Lesson 3 - Why does data augmentation still result in the same number of samples?

patrick_loginow · December 5, 2017, 2:47am

Hi Everyone,

(This is my first post to this forum so hopefully I did this correctly)

I noticed in the video lecture 3 that the when Jeremy used data augmentation and reran the learning it still reported the same number of samples as in the earlier run. My understanding of data augmentation is that it would “augment” the data set so you could effectively increase the volume of your data set without actually having to collect more data from an external source. As such, I expected that the data augmentation would result in a larger training set. So for example if the augmentation was tilting the image by a certain angle I would expect the training to be done on both the tilted and untilted image. Why is it that we don’t continue to retain the original image in the for the training?

Thank you,
Patrick

Nell · December 5, 2017, 4:04am

If i remember correctly, it does do that for fast ai but i couldnt find that in the code. However to answer your question, data augmentation not only helps in getting more data but helps the model generalize better by preventing the model from learning too much from the data (also known as overfitting). This means that your model will perform better on the unseen data or future data that may not be perfectly curated like your training data.

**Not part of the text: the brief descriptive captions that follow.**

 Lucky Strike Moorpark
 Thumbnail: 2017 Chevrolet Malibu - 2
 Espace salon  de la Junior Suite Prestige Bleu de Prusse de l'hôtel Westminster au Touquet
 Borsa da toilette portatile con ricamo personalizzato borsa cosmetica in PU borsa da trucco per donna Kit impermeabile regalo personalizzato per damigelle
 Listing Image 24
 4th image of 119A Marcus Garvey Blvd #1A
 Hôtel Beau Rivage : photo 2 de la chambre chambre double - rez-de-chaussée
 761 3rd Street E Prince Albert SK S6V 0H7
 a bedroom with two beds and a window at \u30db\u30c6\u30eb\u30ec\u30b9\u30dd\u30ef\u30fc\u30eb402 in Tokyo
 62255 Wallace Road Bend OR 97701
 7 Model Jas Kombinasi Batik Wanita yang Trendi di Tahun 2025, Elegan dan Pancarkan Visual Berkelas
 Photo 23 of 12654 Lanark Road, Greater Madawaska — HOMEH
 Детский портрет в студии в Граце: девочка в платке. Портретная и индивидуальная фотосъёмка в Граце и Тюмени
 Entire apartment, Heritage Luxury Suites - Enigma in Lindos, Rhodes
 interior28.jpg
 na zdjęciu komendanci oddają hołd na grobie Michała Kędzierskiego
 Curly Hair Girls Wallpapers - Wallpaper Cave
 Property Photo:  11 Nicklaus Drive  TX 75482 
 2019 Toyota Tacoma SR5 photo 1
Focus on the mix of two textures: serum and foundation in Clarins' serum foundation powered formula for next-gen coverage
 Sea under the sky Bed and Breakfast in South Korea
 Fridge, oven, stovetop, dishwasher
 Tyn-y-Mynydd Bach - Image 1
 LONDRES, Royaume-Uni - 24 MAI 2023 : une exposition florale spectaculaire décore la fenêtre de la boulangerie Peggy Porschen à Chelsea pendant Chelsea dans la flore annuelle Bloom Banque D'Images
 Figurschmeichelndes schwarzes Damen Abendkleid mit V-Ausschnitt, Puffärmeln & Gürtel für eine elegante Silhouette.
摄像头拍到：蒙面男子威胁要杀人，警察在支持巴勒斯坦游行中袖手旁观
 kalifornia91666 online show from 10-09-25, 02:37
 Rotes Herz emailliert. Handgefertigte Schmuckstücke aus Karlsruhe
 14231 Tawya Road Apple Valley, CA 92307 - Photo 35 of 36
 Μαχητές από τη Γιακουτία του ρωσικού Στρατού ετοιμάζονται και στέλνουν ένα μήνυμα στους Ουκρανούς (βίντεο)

A good example comes from image recognition. You can curate the data easily for training but the normal images that you get online or some images that people click may not be centered or have an angle depending on how they hold the camera. This helps the model in predicting these type of real world images much better.

pietz · December 5, 2017, 9:51am

I believe @Nell missed the main point.

The reason the number of samples stays the same is because the augmentation is done live during training. Imagine a black box that randomly augments a single image depending on the parameters you specified. This box is added to your pipeline. So for every single image you randomly change it every time depending on your augmentation settings, instead of adding all images in 20 different ways to your dataset.

patrick_loginow · December 6, 2017, 3:22pm

Thank you for this explanation. I thought that might be the reason - it just seemed weird to me that it would still report the number of samples as the raw number of samples and not the total including augmentation (for example you were to try to compute the training time per sample it would make a big difference if augmentation was happening behind the scenes or not).

Thank you,
Patrick

Yamano · December 6, 2017, 6:31pm

It actually generates only the augmented samples, the original image will actually never be part of the training anymore (Unless it happens to randomize very close-to-zero values for the augmentation).
So each image appears exactly once in every epoch with some augmentation as your setting so it’s the same number of samples.

nesaboz · January 19, 2023, 6:27pm

Well true, unless one uses torchvision.transforms.RandomApply.